As francislavoie said, the website with its nice one-click custom download page and list of registered plugins is a lot of work. It'll come, but it's not ready yet. Much like the v1 release 5 years ago where the interactive download page didn't come until about a year later, it'll take some time. Hopefully not a full year though. :)
I've already got the new build server mostly written -- should be way faster.
Maybe this has changed since I looked at things yesterday, but I couldn't find a list of default plugins anywhere on the website, nor how to configure those default plugins. I think this is what the person you're replying to is talking about.
On the old site, there was a plugin documentation page that made it trivial to see what the plugins were called and what options they took.
I eventually asked my local copy of Caddy what plugins were available, which answered one of the two questions, but am I missing some kind of documentation page?
The interactive, custom build page is an unrelated, but also interesting topic. About a year ago, I was using abiosoft's Caddy Builder image to build a Caddy docker image with the plugins I wanted, but this no longer seems to work even for Caddy V1, and I don't think it has been updated for V2. It would be awesome if there were an official Caddy Builder docker image.

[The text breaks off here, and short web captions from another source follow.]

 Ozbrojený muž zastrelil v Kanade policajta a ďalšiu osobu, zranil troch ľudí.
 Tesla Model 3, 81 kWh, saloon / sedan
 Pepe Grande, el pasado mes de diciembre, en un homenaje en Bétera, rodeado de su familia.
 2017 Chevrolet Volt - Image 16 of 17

Even if the website existed, I would still have to wrap that binary in a docker image somehow for my own use cases.
But, these are all just my personal opinions -- I'm sure you have your own priorities for the project, and I'm excited to see V2 has officially released!
If you're navigating from the homepage, click on "Documentation" at the top, then click on "modules" on the left navbar just above "JSON Config Structure". That list is generated directly from the source code, so it is the definite list of what's included by default and supported by the native JSON config.

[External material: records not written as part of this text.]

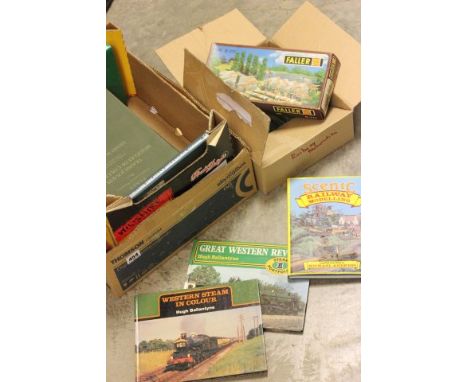 Mixed Lot of Railway & Steam Train Books plus Model Railway Self Assembly Cardboard Buildings and a Boxed Faller HO Scale Sma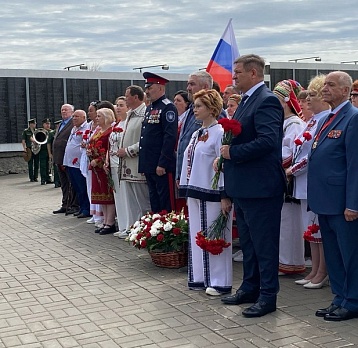 Волга – река мира, о тебе мы поем!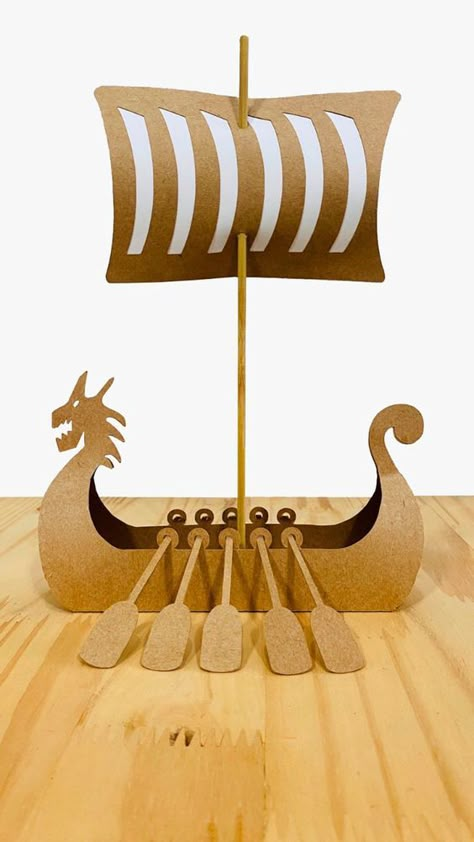 Cardboard Viking Ship, Viking Ship Craft, Dragon Crafts Preschool, Vikings Boat, Viking Diy, Barco Viking, Viking Longboat, Viking Party, Viking Bear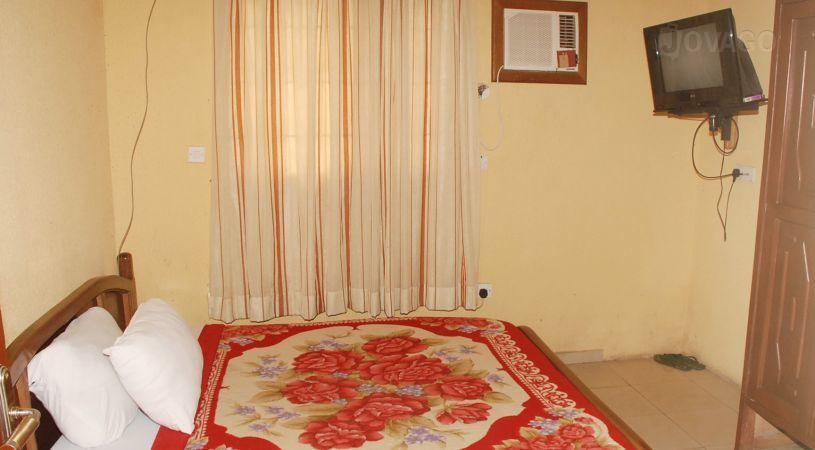 Neron Hotel | Accommodation Ughelli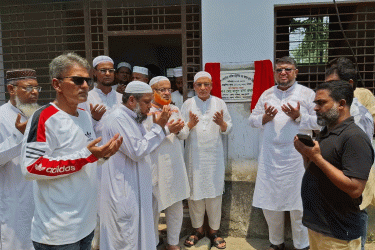 জয়পুরহাটে মাদ্রাসার ছাদ নির্মাণ উদ্বোধন করলেন জেলা পরিষদ প্রশাসক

The other way is, as you found out, to run `caddy list-modules` to get the definitive list of what's packed into the binary.
The new website does not yet have the ability to register plugins. I'm writing it -- I already have the new build server mostly written -- but like with v1, it may take a few months.
It's not worth delaying the release for that, especially when we have tools like xcaddy that make it easy to build Caddy with plugins, no need to touch any code: https://github.com/caddyserver/xcaddy
Right now, the process is: find a plugin you like, then run:
xcaddy build --with <module-path>
But yeah, it will get easier with time. We'll get there.
If you need any help when coming back to Caddy v2, come ask for help on the community forums: https://caddy.community/
We'll be glad to help you get set up!
The docs are still a work in progress, we'll eventually have a plugin registry like in v1 but that requires a bunch of work behind the scenes to make it happen.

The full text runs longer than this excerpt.